About 10 years ago, the PEP board instituted the teacher grants - giving teacher recipients the opportunity to provide equipment or materials to promote math, science and critical thinking skills. Today a grant application is chosen and advertised, and donors are invited to contribute to the project.
The Great Leaps program started about two years later. Mangiante worked with reading specialist Ann Whitten - now in private practice - to train educators, staffers and parents to work with struggling readers for 10 minutes a day.
When the original sponsor of the Summer Institute program could not continue, PEP stepped in. Assistant Director Natalie Fox has coordinated the program for several years.
Each year 50 educators hear presentations from social service agency representatives - learning how to identify problems their students may be facing and the resources that could help them and their families. Invariably, many teachers often describe Summer Institute as the best professional development they have ever experienced.
Fifteen years ago, Mangiante was told the school district needed orchestra opportunities in schools along with band. She knew it would be a challenge and about eight years went by before an opportunity emerged.
In 2003 Mangiante had written a grant for a new Aiken Regional Chamber Orchestra. That provided the catalyst a few years later.
Schofield Middle School teacher David Culp had begun teaching an after-school strings program. He wanted to make the program an actual class during the school day and approached PEP about it.
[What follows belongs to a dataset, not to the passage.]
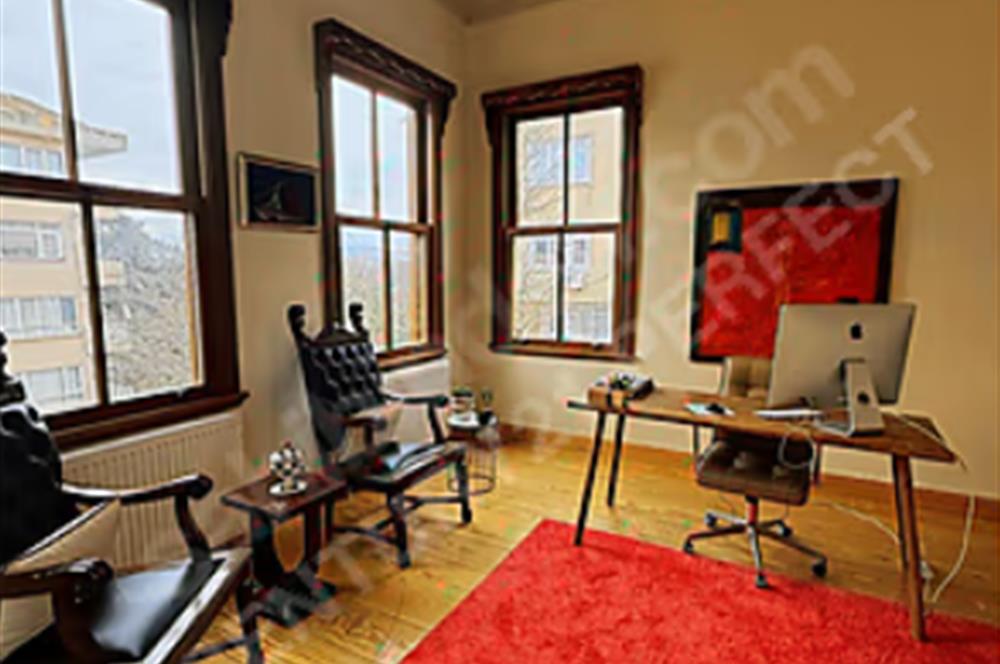 Ortaköy'de Kurumsala Uygun Prestijli Kiralık Tarihi Köşk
The organization helped the school make that happen.
Today with the help of grants, strings programs are located at Aiken High and five middle schools. The students participated in an All-County Orchestra program last spring, coordinated by PEP.
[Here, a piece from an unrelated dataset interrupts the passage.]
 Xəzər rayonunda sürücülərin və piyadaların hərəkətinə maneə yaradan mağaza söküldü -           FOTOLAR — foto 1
The education foundation also led the effort to bring in synergistic computer labs, the first one at LBC Middle School. Each lab utilizes career exploration-oriented software modules, providing interactive projects and experiments related to the school district's career clusters.
Mangiante obtained grants and donations and, with the financial and technical support of the school district, brought the number of middle schools served to four. The district then used federal stimulus funds last year to provide the labs at two more schools.
Perhaps the most startling accomplishment was a laptop project at Midland Valley in 2008-09. The school had been targeted for its high dropout rate at the time and was starting a freshman academy in January 2008.
Mangiante coordinated a grant application that resulted in the school providing loaned laptops to freshmen over two years. The teachers of those students also got them as a way to promote interactive learning, research and academic communication away from school. The grant total approached $2 million.
As she prepares to leave, Mangiante said the PEP board started thinking about a transition plan several years ago. Fox was brought in as a program manager and is now a strong assistant director, said Mangiante. With Fox's knowledge, a strong board and other resources, "It's time to pass the torch," Mangiante said.
PEP will formally celebrate its 15th anniversary with a program in the Alley in downtown Aiken on Aug. 9 at 11:30 a.m.
The foundation will host the Teacher of the Year banquet in September and, in October, will host a forum for School Board candidates running for five district seats.
In recent years, Mangiante and Fox have begun setting up targeted endowments.
"We want to keep building these long-term endowments to improve and support education," said Mangiante.